Readers of this website know that I’m no fan of Docker and prefer to use other container engines. However, I live in the real world, and this world has embraced Docker and loves it to pieces. I mean, get a room, already.
Of course, being someone who enjoys learning about technology, and on top of that a fan of container technologies, I find myself reading the Docker documentation from time to time. And, truth be told, it is quite good.
So, I’m always keen to understand the best practices for a particular piece of technology, especially as promoted by the designers themselves.
To that end, the only docs that I read for this article were the Docker docs. I mean, why would I get some watered-down version from another party, when instead I can go straight to the source? In fact, you should stop reading right now and go to the Docker docs. Why read what I think is important when you can decide for yourself?

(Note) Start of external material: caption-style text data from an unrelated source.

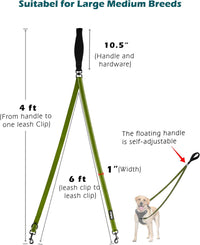 Two Point Control Dog Leash, No Tangle Training Walking Leashes – Essentials for Dogs - Khaki Green - image 4
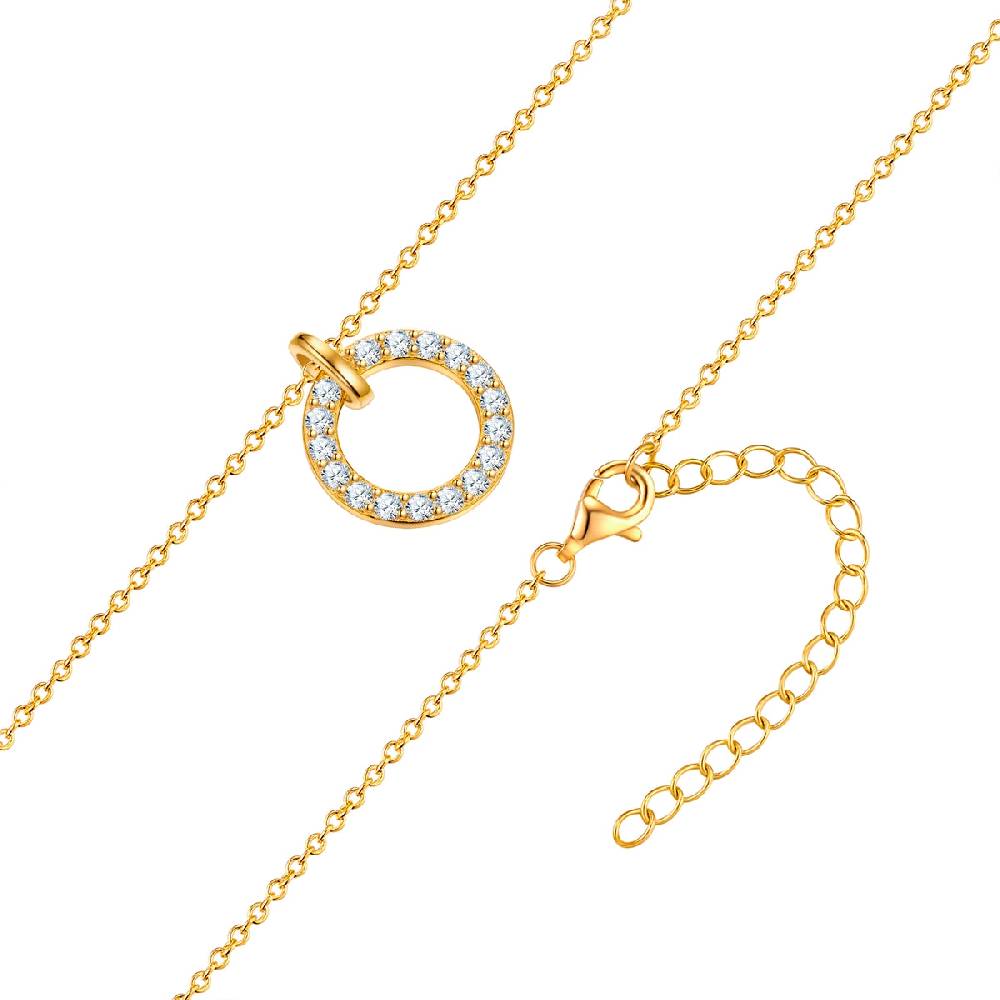 Rafaela Donata Kette mit Anhänger Sterling Silber gelbgold Zirkonia weiß Black Friday
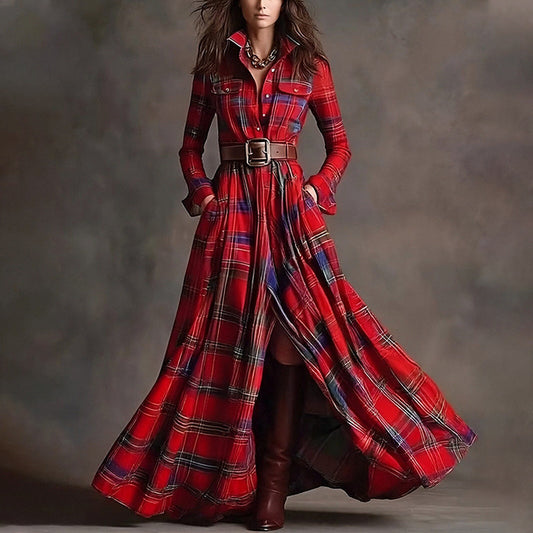 Printセス — Elegant Printed Lapel Slim-Fit Dress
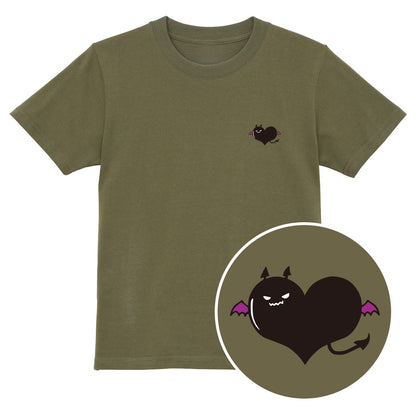 悪魔ハート「でももん」キッズTシャツ シティグリーン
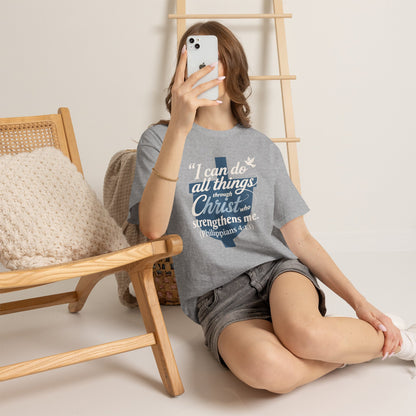 Philippians 4:13 Cotton Tee — "I Can Do All Things" Christian Prayer T-Shirt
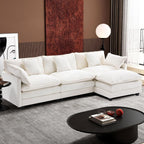 111.4 L-Shaped Cloud Sectional Sofa with Ottoman - 4-Seat Chenille Couch for Living Room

But, if you’re still here, read on.
Caveat emptor.
Non-Privileged User
Hopefully, everyone has heard by now to run a container as a non-privileged user. That is, do not run as root. This is rarely a good idea.
Here, I’m creating a new group and user and then switching to it. Yay.
RUN groupadd \
--gid 1000
noroot && \
useradd \
--create-home \
--home-dir /home/noroot \
--uid 1000 \
--gid 1000 \
noroot
...
USER noroot
...
To reduce layers and complexity, avoid switching
USER
back and forth frequently.
Building
The ideas in this section aren’t best practices, in my opinion, even though Docker says they are. Rather, they are interesting ways to create containers with the Docker engine when a Dockerfile isn’t present or needed.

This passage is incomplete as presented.